Mike and Yvonne Guendling knew there was a high probability if they had a son he would have a handicap. Mike Guendling, a former second-round draft pick of the San Diego Chargers, was born in between two severely handicapped brothers. Both are wheelchair-bound, blind and unable to function on their own. Mike Guendling said it was a one-in-a-million chance for him to be born healthy while his brothers weren’t, but also knew he carried the genetic trait that would be passed in the event the couple had a son.
The Guendling’s first had two daughters born healthy. Then 23 years ago, they became pregnant with Brian.
“We were told that genetically, if we have a son, there might be some issues,” Mike Guendling told Yahoo Sports. “When we decided to have another child and Brian ended up being Brian, a boy, I remember my wife and I would have some heart-to-heart talks in bed, I mean, we’re just sitting there talking about it, and I basically said, you know what? Number one, we wanted to move forward with it no matter what.

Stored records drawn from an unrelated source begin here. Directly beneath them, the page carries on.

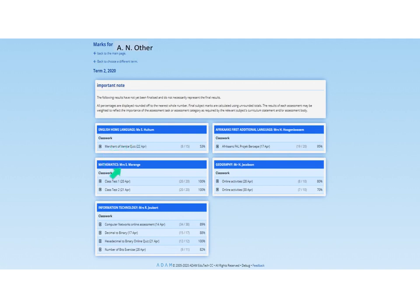You can see a whole lot of information: the subject, who teaches that subject, the different assessments, when each assessment took place, what mark the child got out of what total, and it then calculates a percentage. This empowers you to follow up with your child if any of the marks are concerning, or perhaps if you see a zero, you can ensure that that work does get submitted.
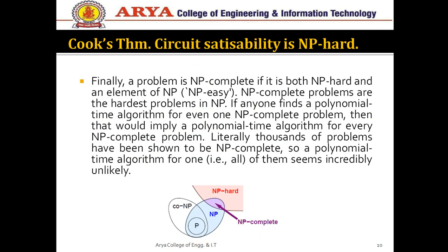Next is Cook's theorem. Stephen Cook is the scientist who invented this, and he gives the statement that the circuit satisfiability problem is NP-hard. A circuit means there are a number of loops present with starting and ending vertices, and we have to prove that circuit satisfiability is NP-hard. Finally, a problem is NP-complete if it is both NP-hard and in NP. NP-hard means we only reduce the problem to some other problem, but for NP-complete we have two steps: first prove it is NP-hard, second prove it is in NP.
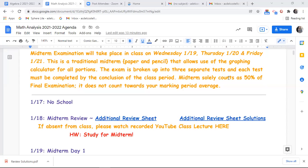Today is going to be our last day of review prior to your midterm. When you come in tomorrow, I'm probably going to have you sit randomly, and your cell phone must be turned off and placed on the side of the room. It is not to be on your person — it is just like a Regents exam, so there are no electronic devices of any kind.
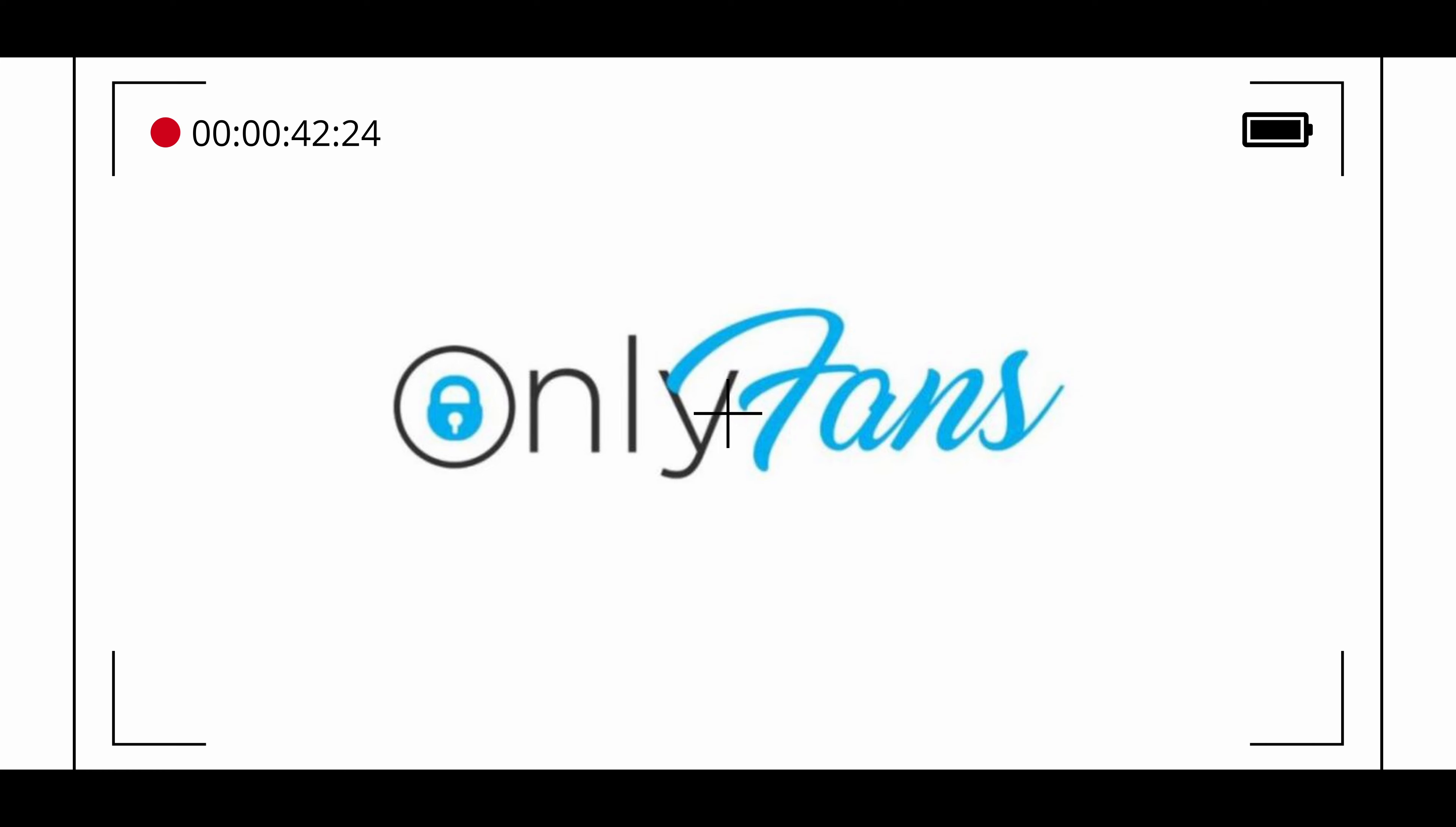In addition to its core social media offering, OnlyFans also offers a variety of tools and features that can help creators manage and grow their audience such as analytics, custom branding and collaboration opportunities.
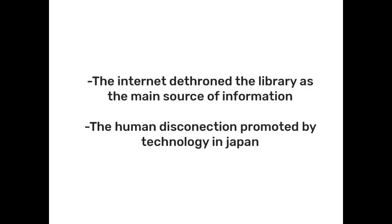The brief touched on two important topics to keep in mind when designing the new library. First, the internet dethroned the library as the main source of information, and second, the human disconnection promoted by technology in Japan and all over the world.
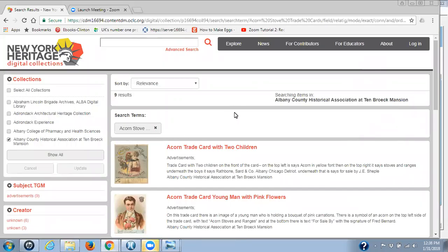Hi, this is Ilka Morse from CDLC. Today, what I'd like to do is talk about why your metadata — the consistency of your metadata — is so very important. I'm trying not to pick on any one institution's collection, so I've selected this particular one because it's small and more easy to work with. I'm hoping that after this video, everyone will take the time to check all of their collections in New York Heritage to see how consistent their metadata is.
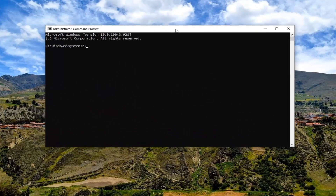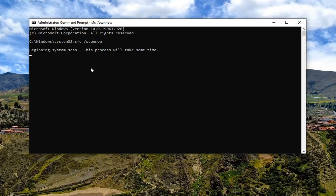Now, into this elevated command line window, you want to type in SFC followed by a space, forward slash, scan now — where "scannow" is one word attached to that forward slash out front. Hit Enter on your keyboard to begin the system scan.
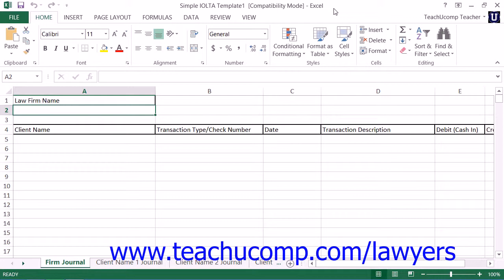A lawyer cannot hold their funds and the client's funds in the same account, so IOLTA accounts are used to separate these funds and hold smaller amounts of money from clients for a short span of time.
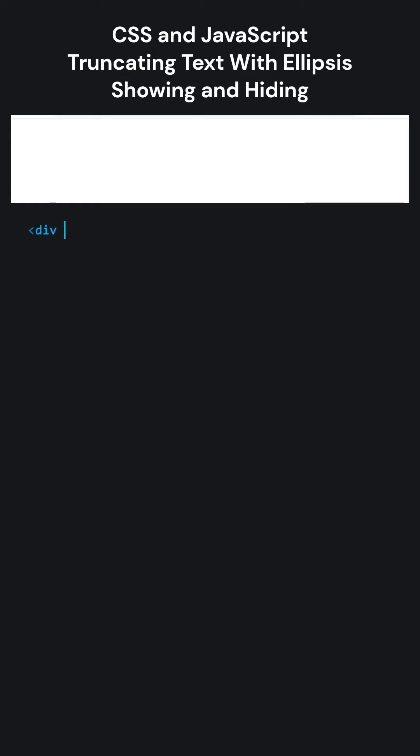CSS and JavaScript. Truncating text with ellipsis. Showing and hiding.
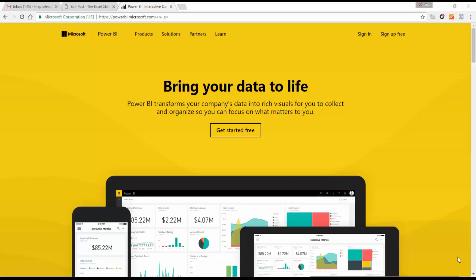Power BI content packs allow you to connect to online data services so you can really bring your data to life. The content packs give you a series of pre-built reports and dashboards based on the data that's available. There are content packs for many different things — Salesforce, Microsoft Dynamics, and Google Analytics.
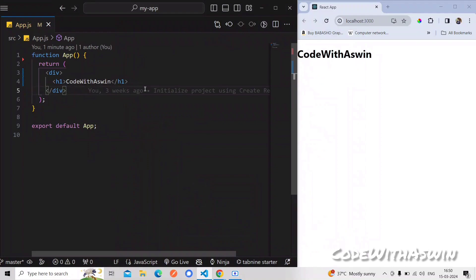Thank you so much for joining us today. In this video, we will look at the useCallback hook in React, which is one of the important hooks. We will use it to optimize performance.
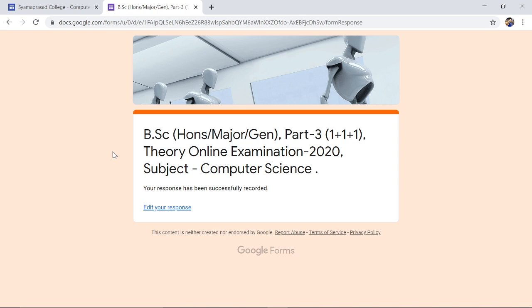This is how you upload answer scripts through the online web portal of Syamaprasad College. Thank you very much for watching. I hope the video has been informative. In the next video you will be able to see how to scan the answer script using a smartphone or mobile phone. All the best for your examination.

We wanted another child. We actually cried together in saying that if this boy was going to come out and was mentally challenged or blind or whatever, it would make our home a much more loving home.”
Guendling had all the genetic markers to be born severely handicapped, but came into this world perfectly healthy. Even though he didn’t speak until he was 4 years old, he was able to communicate by pointing and sounds that his sisters often interpreted. He showed an early interest for sports, often shooting hoops and playing hockey. He played with Legos and cars and teased his sisters. He was, in a word, a miracle.

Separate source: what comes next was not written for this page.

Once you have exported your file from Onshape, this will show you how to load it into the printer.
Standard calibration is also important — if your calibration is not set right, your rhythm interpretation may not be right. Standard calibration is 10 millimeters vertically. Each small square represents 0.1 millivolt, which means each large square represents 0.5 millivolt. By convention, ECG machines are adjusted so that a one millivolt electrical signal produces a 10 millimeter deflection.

But he did struggle. Grammar issues and short-term memory loss kept him in special ed where he could learn at a slower pace and have more one-on-one time with teachers. While he did participate in some mainstream classes, he took all of his tests in the special ed room, so he could go at his own pace.
As a junior in high school, Guendling decided to take American Sign Language as a foreign language elective at a local San Diego college and it changed his perspective.
Special ed, and the students in it, became a family to him. He saw no difference between the kids he shared a classroom with and the jocks he shared a locker room with. In his mind, they were all his friends, all his community.
So when he got to Texas State, by way of a year at Nevada and a year at Palomar College, he knew no one and felt like it was as good a time as ever to rekindle his relationships with the handicap community. He started coaching a handicap softball team and on occasion he’d introduce his Texas State teammates to a little sign language.
But it wasn’t until the concert — a dream that was conceived more nine months ago — that Guendling’s worlds collided and he felt a sense of comfort and accomplishment.
And Guendling has no plans at stopping at one concert. He already has plans for another, this time featuring up to eight songs, and would ultimately like to showcase his talent around the world.
“I want to do the first concert the deaf and hearing can enjoy together,” Guendling said. “It’s gonna be awesome.”